When a company like Novell has sunk as far as it has, the first question to be resolved is whether the organization in question could have avoided its fate. In this case the answer is not so simple.
The acquisition of Suse Linux was probably its best chance at changing all that. This deal gave Novell the potential to put the experience and reputation of a longtime OEM behind a popular distribution of the open source OS at a time when rivals like Red Hat Software were still earning the trust of nervous corporate customers. Then, in a mind-blowingly bizarre turn, Novell formed an alliance with Microsoft Corp. in 2006 that to develop “para-virtualization” allowing users to run Linux application workloads on top of Windows, and Web services management of heterogeneous application environments. There was also talk of greater interoperability between Novell's eDirectory and Microsoft's Active Directory, as well as “translators” between MS Office and OpenOffice, but what most people focused on was Microsoft helping sell Linux through Novell, with “certificates” that implied Microsoft only considered those buying through this partnership to be true open source customers, and not, um, pirates. The overall impression was that Novell did not really believe open source was legal or viable without Microsoft’s backing. (I should add that Novell later said open source sales soared hundreds of per cent, but that’s not hard when you’re basically starting from nothing.)

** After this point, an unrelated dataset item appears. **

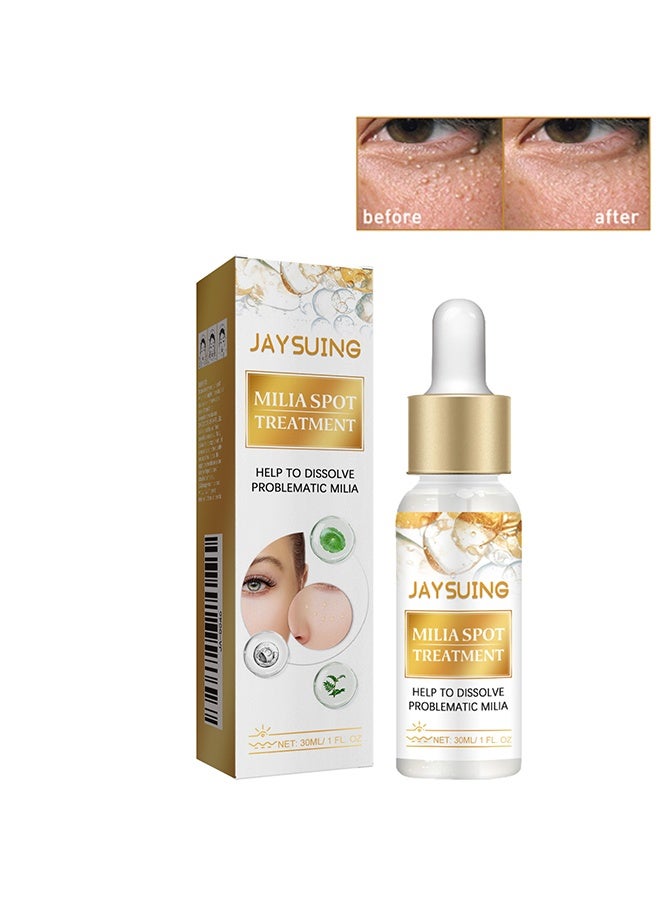 Milia Spot Treatment Helps to Dissolve and Reduce Problematic Remover with Natural Ingredients Gentle on Skin Safe - 30ml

There were other problems, of course, including the ouster of energizing CEO Jack Messman and the promotion of the lackluster Ron Hovsepian. More critical was the company’s insistence on remaining in so many product areas, rather than paring down and growing through increased focus. Did it make a lot of sense, as Gmail came to the fore, to keep on investing in office messaging? Did the world really need that alternative to Microsoft SharePoint which Novell couldn’t even bother to give a credible brand name? Perhaps the biggest mistake was the failure to recognize that one area of Novell’s business, its ZenWorks management portfolio, had the good reputation and decent sales to be a good spin-off business unencumbered by its parent’s challenges.
I don’t know what Attachmate will do with Novell, but it can’t do much worse than what Novell has done to itself.